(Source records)
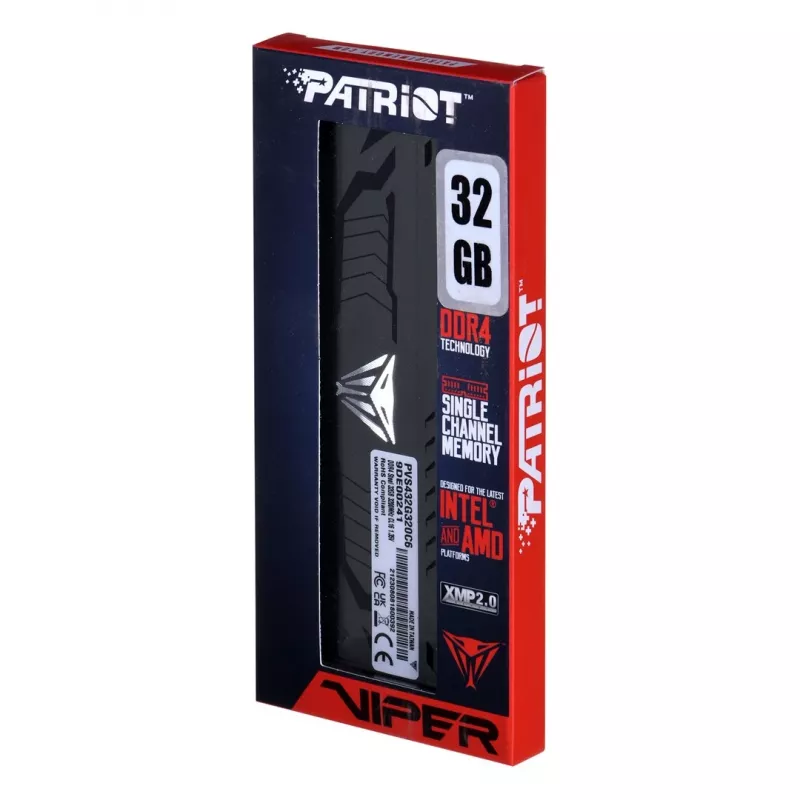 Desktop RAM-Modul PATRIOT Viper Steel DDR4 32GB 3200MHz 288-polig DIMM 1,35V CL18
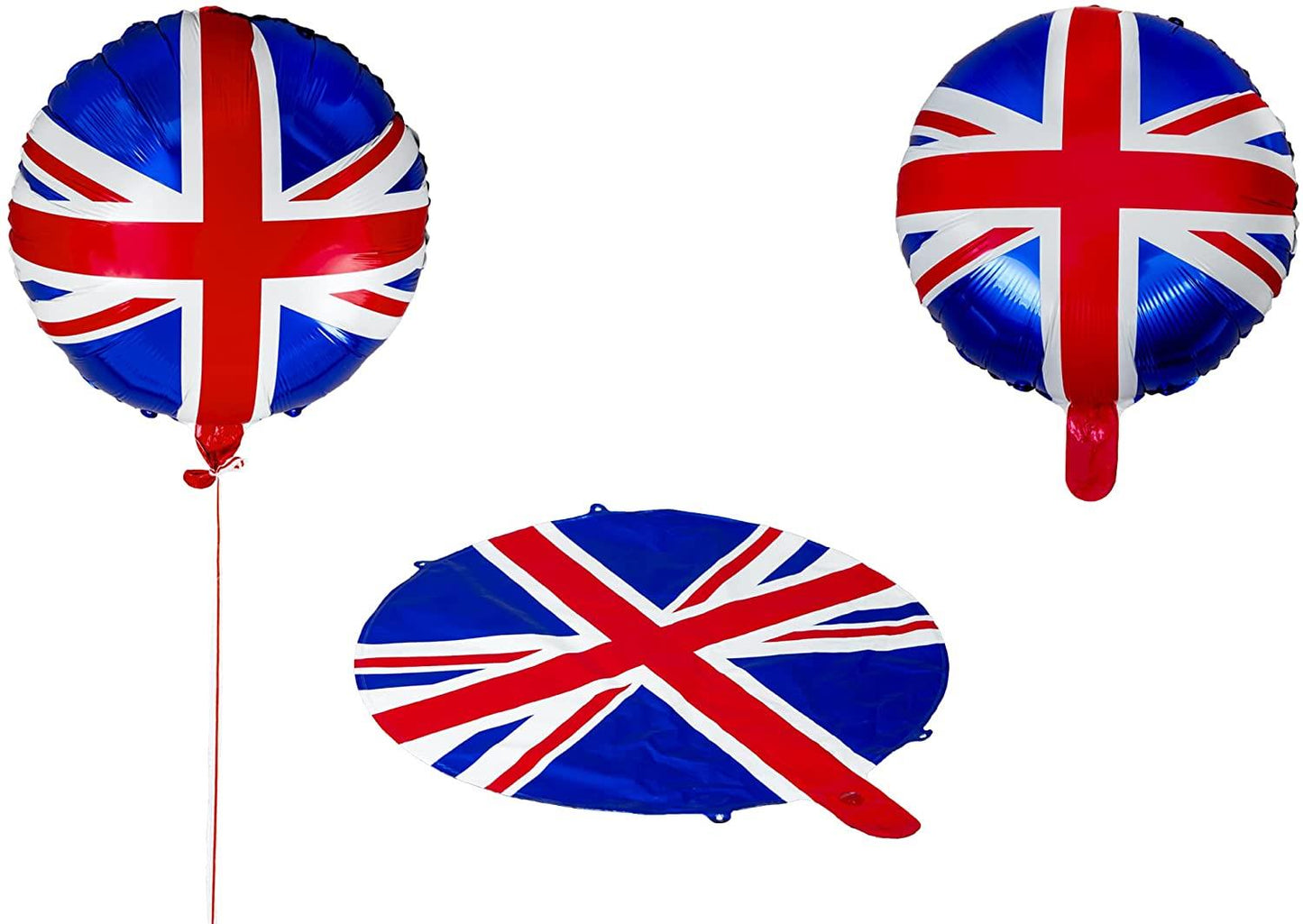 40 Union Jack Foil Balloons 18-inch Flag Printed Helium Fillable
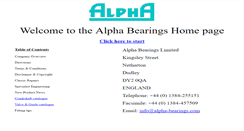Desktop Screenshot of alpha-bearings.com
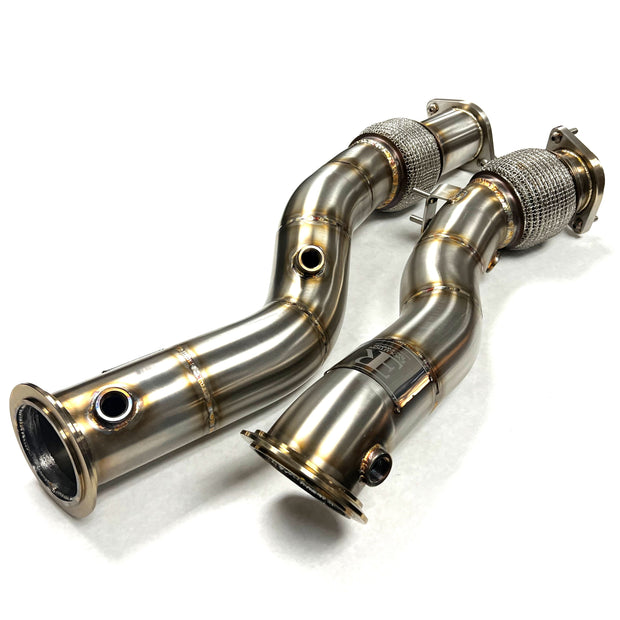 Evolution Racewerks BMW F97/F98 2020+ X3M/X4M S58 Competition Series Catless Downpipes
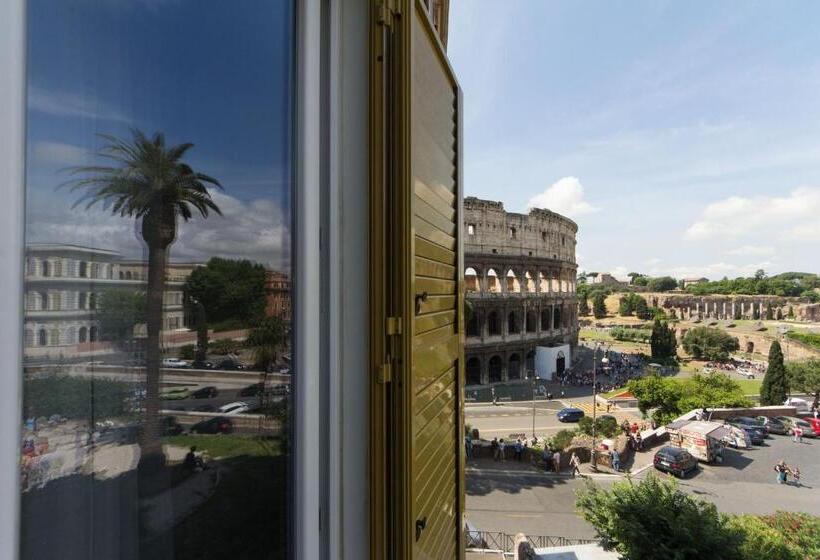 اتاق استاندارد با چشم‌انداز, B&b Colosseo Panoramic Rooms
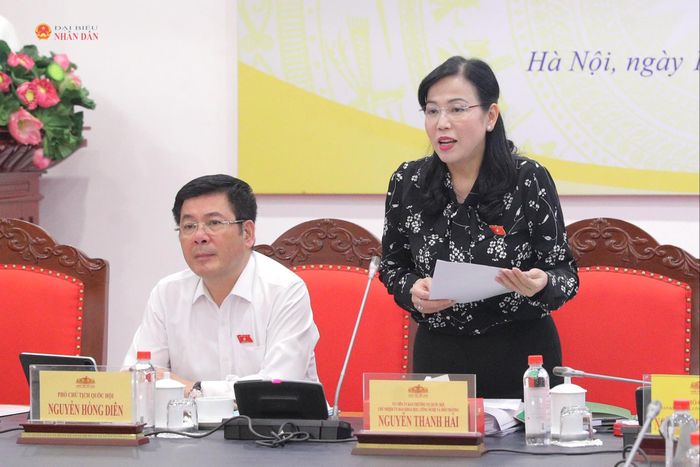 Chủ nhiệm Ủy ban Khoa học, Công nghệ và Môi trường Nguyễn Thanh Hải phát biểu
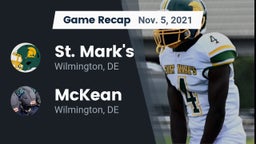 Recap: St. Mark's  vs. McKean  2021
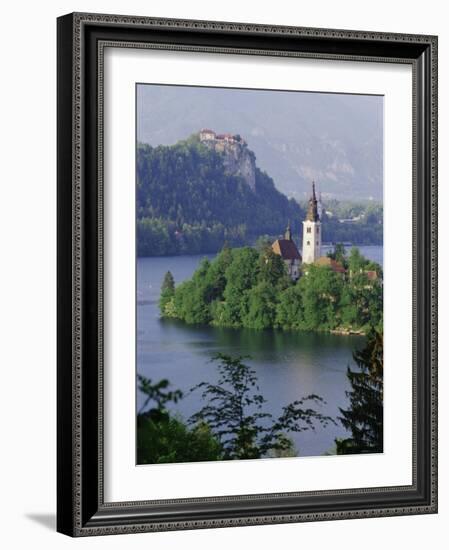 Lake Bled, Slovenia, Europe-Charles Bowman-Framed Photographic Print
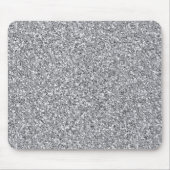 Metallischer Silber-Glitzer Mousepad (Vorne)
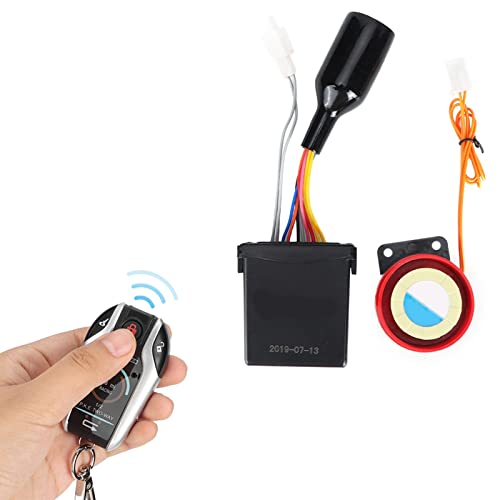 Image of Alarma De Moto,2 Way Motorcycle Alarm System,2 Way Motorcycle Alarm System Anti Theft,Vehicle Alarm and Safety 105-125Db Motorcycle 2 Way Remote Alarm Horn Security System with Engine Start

(EXERCISE AIM)
Leave out each picture and extract the lines from the one containing "Desktop Screenshot of alpha-bearings.com" through the end of the records above, inclusive, exactly as they stand.

(RESPONSE AREA)
Desktop Screenshot of alpha-bearings.com
 Evolution Racewerks BMW F97/F98 2020+ X3M/X4M S58 Competition Series Catless Downpipes
 اتاق استاندارد با چشم‌انداز, B&b Colosseo Panoramic Rooms
 Chủ nhiệm Ủy ban Khoa học, Công nghệ và Môi trường Nguyễn Thanh Hải phát biểu
 Recap: St. Mark's  vs. McKean  2021
 Lake Bled, Slovenia, Europe-Charles Bowman-Framed Photographic Print
 Metallischer Silber-Glitzer Mousepad (Vorne)
 Image of Alarma De Moto,2 Way Motorcycle Alarm System,2 Way Motorcycle Alarm System Anti Theft,Vehicle Alarm and Safety 105-125Db Motorcycle 2 Way Remote Alarm Horn Security System with Engine Start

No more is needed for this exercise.